İslâmcılık; Sünnîliğin modern zamanlarda kendini savunma ve yenileme çabası olarak bilinir. Oysa İslâmcılığın doğuşuna öncülük yapan en önemli isim Cemaleddin Efgânî’dir ve o da bir Şii-Alevîdir.

 Efgânî; 1838-1897 yılları arasında yaşamış, modern zamanların en aksiyoner, fikir ve yenilikçisidir. Afganistan, Hindistan, Osmanlı Devleti, Mısır, Fransa, Rusya, Almanya, İngiltere’de fikri ve siyasi mücadelelerinin bıraktığı izler, İslâm dünyasında sarsıcı etkiler yapmıştır. 

 Mısır’da kaldığı yıllarda çok sayıda talebe yetiştirmiştir. Onun talebeleri İslâm dünyasının her yerinde sömürgeciliğe ve işlevsiz dini eğitime karşı mücadele etmişlerdir. Son iki yüzyılda hiçbir Müslüman Efgânî kadar etkili olamamıştır. Yeni Osmanlıları, Jön Türkleri, Said-i Nursî, Mehmet Akif, Ahmet Hamdi Akseki, Seyyit Bey, Şemsettin Günaltay, Mehmet Emin Yurdakul, Yusuf Akçura, Ahmet Ağaoğlu’nu… Yüksek İslâm ve İlahiyat kuşağını ve daha nicelerini doğrudan veya dolaylı etkilemiştir.

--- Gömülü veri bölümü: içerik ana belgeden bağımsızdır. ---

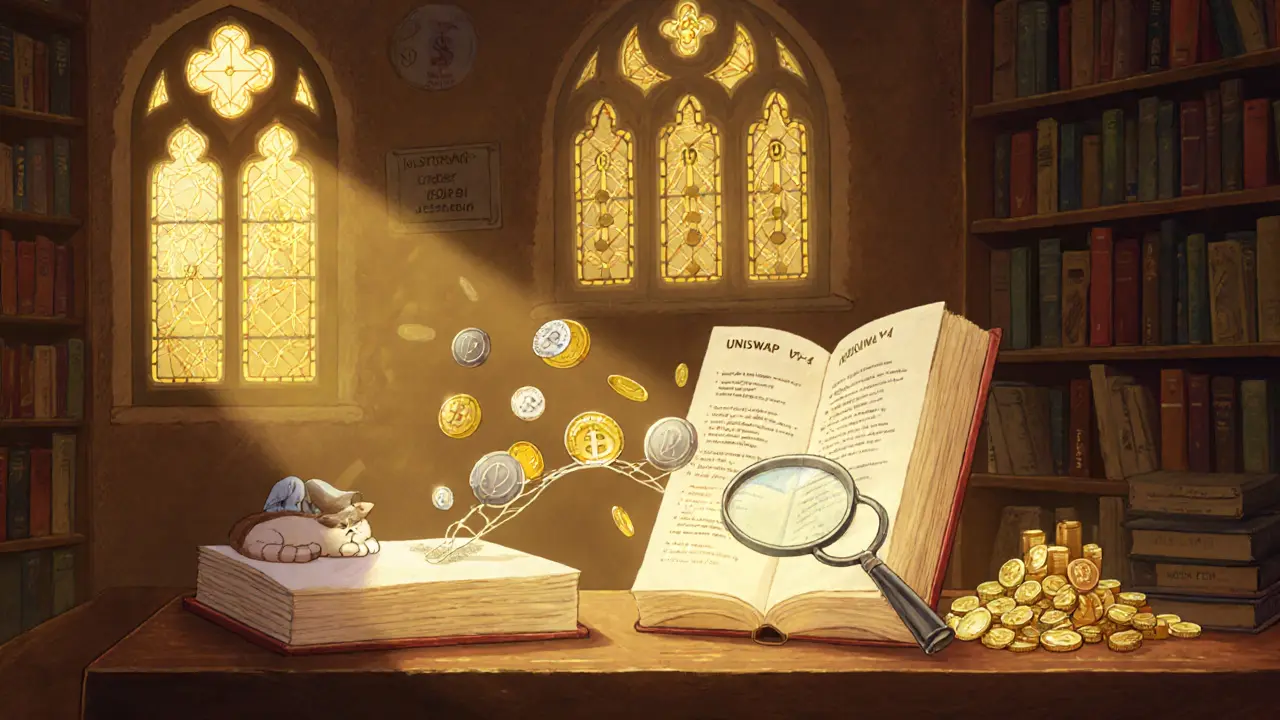 A magical library with books about DeFi, glowing tokens, and a sleeping cat atop gas fee coins.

 “İslâm Birliği” ve “yenilik” onun vazgeçmediği görüşlerindendir. Onu bu görüşte ısrarlı yapan neden, sadece sömürgeciliğe karşı bir direniş ideolojisi oluşturmak değildi. Efgânî’nin en büyük hayali; Şii ve Sünni mezhepler arasındaki farklılıkları en aza indirip İran, Osmanlı ve diğer küçük parçalardan oluşan İslâm devletlerini tek bir halife etrafında birleştirmekti. Devamında da İslâm âlemini geri kalmışlıktan kurtarmak.

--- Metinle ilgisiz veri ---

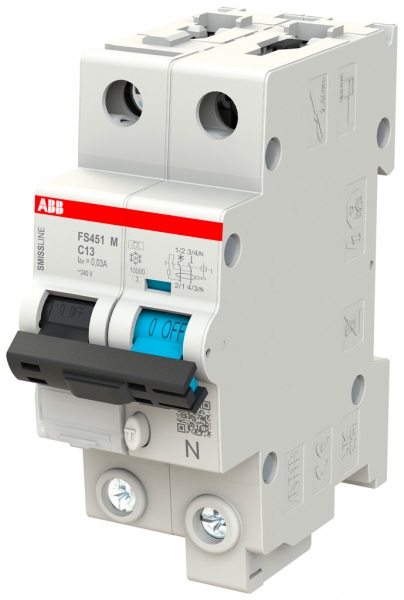 Disgiuntore differenziale ABB FS451M SMISSLINE CL C-13A/30mA 1LN 10kA tipo A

 Efgânî; Afganistan, İran ve Bağdat Şii medreselerde okumuştu. Misyonuna zarar vermesin diye Şii olduğunu söylemedi. Onun amacı ihtilafları aza indirecek bir yol izlemekti. Bu nedenle mezhepleri birleştirecek bir fıkıh görüşünü savunuyordu. Zaman zaman Hanefî olduğunu söylese de her konuda Hanefiliği yaşamadığını da belirtiyordu.

 ***

 İslâm dünyasındaki Şii mezhep ve tarikatların sayısı çoktur. Anadolu’da yaşayan Şii-Alevilerin bir kısmı Caferîdir. Caferîler Türkiye’de İran ve Irak’tan bağımsız bir görüş geliştirememişlerdir. Bugün de durum aynıdır.

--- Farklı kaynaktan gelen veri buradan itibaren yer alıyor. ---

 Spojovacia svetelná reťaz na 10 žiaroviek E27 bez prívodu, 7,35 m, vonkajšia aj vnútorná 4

 Ama Anadolu’da Alevîlik dendiğinde ilk akla gelenler, “Tarikat İslâm’ı”nı yaşayan büyük küçük Alevî Müslüman topluluklardır. Anadolu kırsalında, çoğunlukla da hayvancılıkla uğraşan Alevîler yaylalara yakın köyleri yurt edinmişlerdir. Yaşamları, sosyolojik olarak 1950’ye kadar değişmemiştir. Zaman zaman yaşanan siyasal başkaldırıların bir sonucu olarak Alevîlik “seferilik / dini yükümlülüklerin yarılanması” niteliği kazansa da ekonomik coğrafyalarında önemli bir değişiklik olmamıştır.

 Anadolu Alevîliğinin kentlileri ise Bektaşilikle uyumlu bir gelişme seyretmiştir. Kentli Alevîleri, Alevî-Bektaşi şeklinde tanımlamak daha doğru olacaktır. Bunların bir kısmı “Ahilik” içinde örgütlenmiş, bir kısmı da Yeniçeri Ocağında Bektaşî olarak ideolojik bir misyon üstlenmiştir.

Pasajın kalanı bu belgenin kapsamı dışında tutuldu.